The district court denied the motion in October, concluding that Julianna and the girl were required to submit to genetic testing to establish Edrington’s biological paternity; that Minn. Stat. § 257.62, subd. 5(c), which was drafted to prevent such actions by sperm and egg donors, did not apply; and that Edrington had standing to bring his paternity action because he had welcomed the girl into his home and referred to her as his daughter.
“Contrary to assertions made in this case, allowing this paternity action to proceed is not an attack on the sanctity of marriage or dismantling years of progress made for and by same-sex couples,” read the district court’s order, which was recommended by Referee Jenese Larmouth and approved by Judge Thomas Gilligan. “District and appellate courts have allowed paternity actions against heterosexual married couples when the circumstances warranted it.”
It was a crushing blow, Juliana said, that “added so much more fear than we already had. It really doubled down on all of the fears of what could possibly happen.”
The Sheridans filed a case with the state Court of Appeals in November.
In its opinion, the appeals panel — made up of Judges Elise Larson, Francis Connelly and John Smith — ruled the district court erred when it ordered Julianna and the girl to submit to genetic testing, concluding that state law prohibits sperm donors in assisted reproduction from using genetic testing to claim to be the biological or legal parent of a resulting child.
The appellate court also concluded that the nature of Edrington’s relationship and time spent with the Sheridans’ daughter did not give him standing to assert paternity rights.
The panel reversed the district court’s decision and ordered Edrington’s petition be dismissed with prejudice.
Erica Holzer, of Maslon LLP and the lead appellate counsel on behalf of the Sheridans, said in a statement the decision “strengthens the fabric of every family that has chosen to conceive a child through assisted reproduction. No parent who has taken the courageous step to use a sperm donor should ever have to fight for the legitimacy of their family.”

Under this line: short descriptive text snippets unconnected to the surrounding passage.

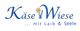 KäseWiese-Logo mit Löwenzahn, Slogan: "... mit Laib & Seele".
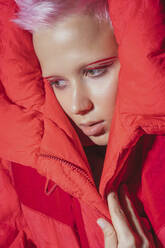 Porträt einer jungen Frau mit kurzen rosa Haaren und roter Jacke vor rotem Hintergrund - VPIF02121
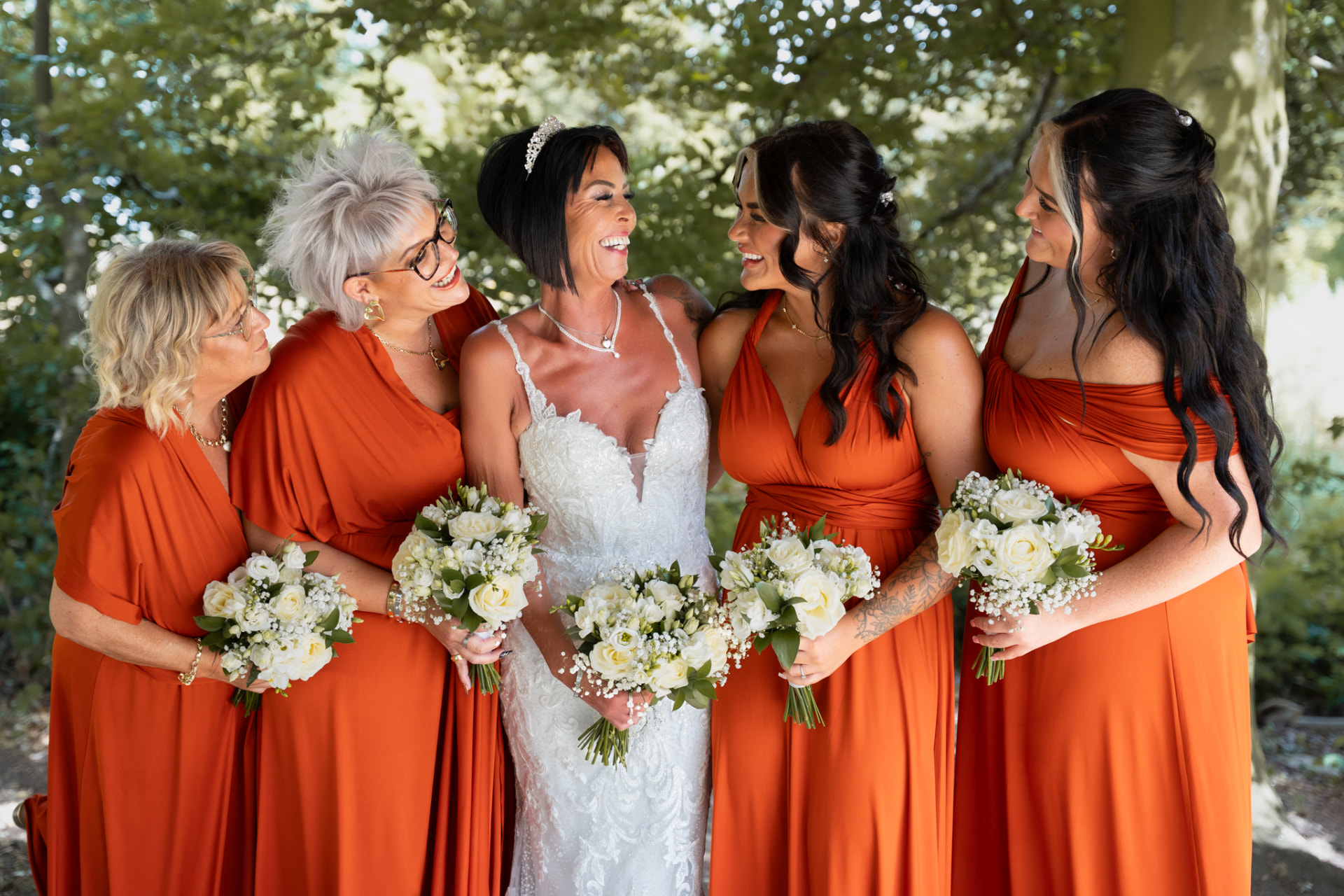 Bride laughing with her bridesmaids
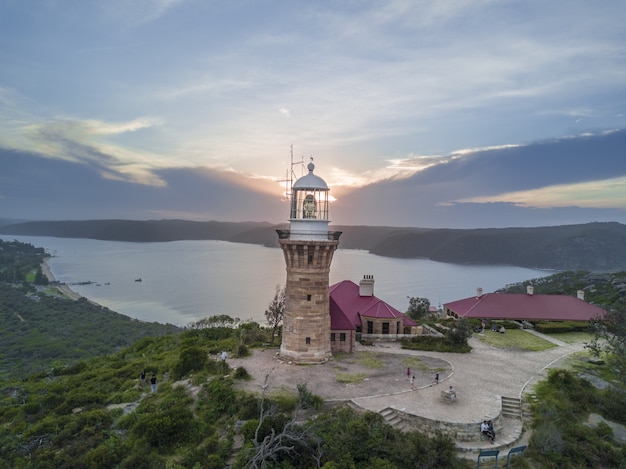 Wide range shot of a lighthouse next to the forest and the sea in Thailand during sunset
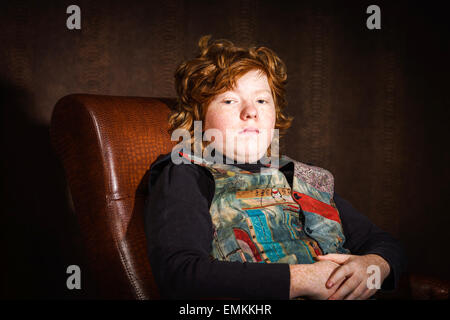 Red-haired expressive teenage boy sitting in arm-chair, studio portrait Stock Photo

The decision “is precedential in that it clarifies statutes impacting parents who use sperm and egg donors to create their families,” added Mary Pat Byrn of Viitala Byrn & Ives, who represented the Sheridans in the underlying litigation.
Second child
Edrington did not return a call Tuesday for comment on the ruling. His attorney, Susan Gallagher, said he is disappointed “as you can imagine. He is considering his options at this time.”
Edrington has 30 days to petition the Minnesota Supreme Court to hear his case.
Juliana, meanwhile, said the decision “felt like a vindication of what we’ve been through.”
In May 2021, the Sheridans welcomed their second child, a boy. The sperm donor is a close friend of the couple, Juliana said.
“He’s been what we asked him to be — a donor,” she said, “someone that our children know and care about. And he and his wife care about both of our children, and we get to see them, we get to spend time with them. When our son is old enough, we will explain our donor’s involvement. And it’s just been exactly what we wanted.”